TRY IT
From the listing that follows, reproduce only the lines from the one holding "A gold chain" through the one holding "When Did Tattoos Become So Meaningful essay", both included, with no pictures.

### PROVIDED INFORMATION

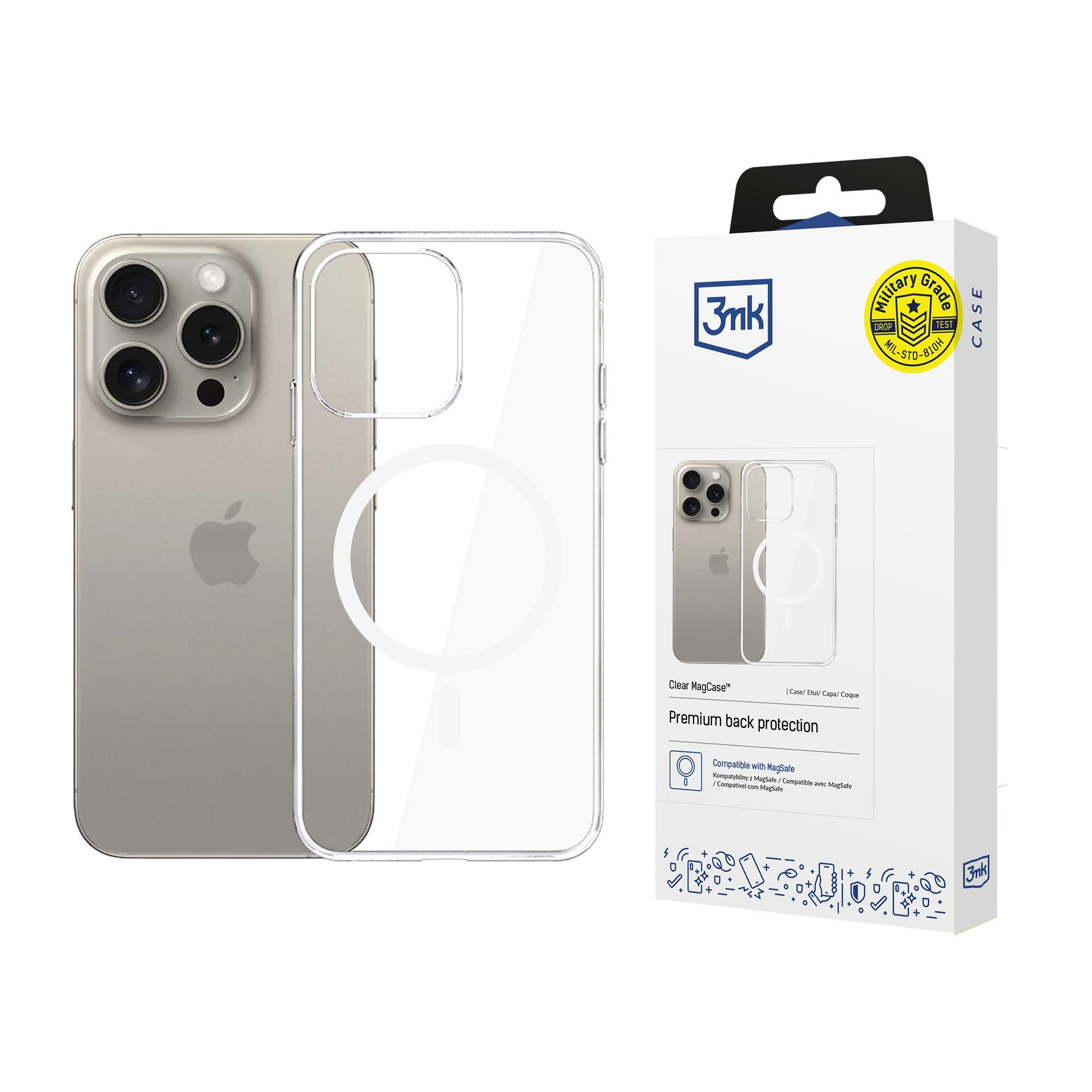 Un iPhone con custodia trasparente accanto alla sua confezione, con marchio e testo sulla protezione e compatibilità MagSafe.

######
### PROVIDED INFORMATION

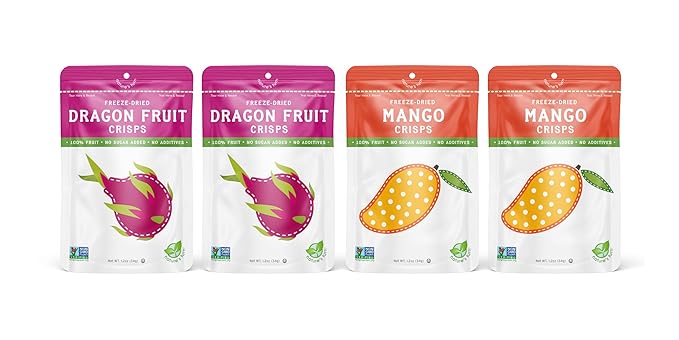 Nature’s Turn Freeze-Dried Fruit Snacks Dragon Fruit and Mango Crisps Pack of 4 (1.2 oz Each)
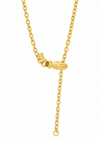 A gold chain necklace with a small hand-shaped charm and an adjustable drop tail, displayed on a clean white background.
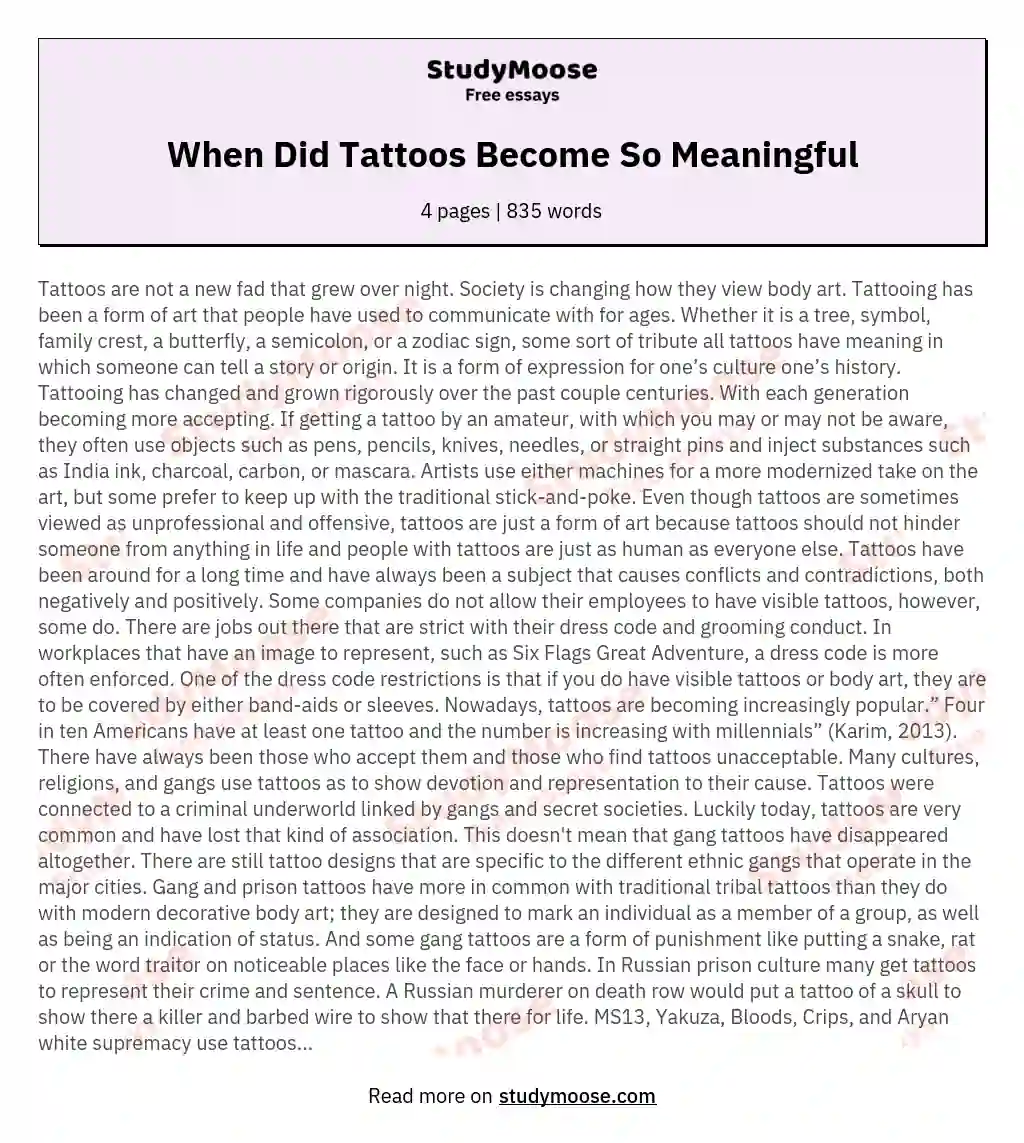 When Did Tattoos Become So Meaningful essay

######

FINISHED EXERCISE
 A gold chain necklace with a small hand-shaped charm and an adjustable drop tail, displayed on a clean white background.
 When Did Tattoos Become So Meaningful essay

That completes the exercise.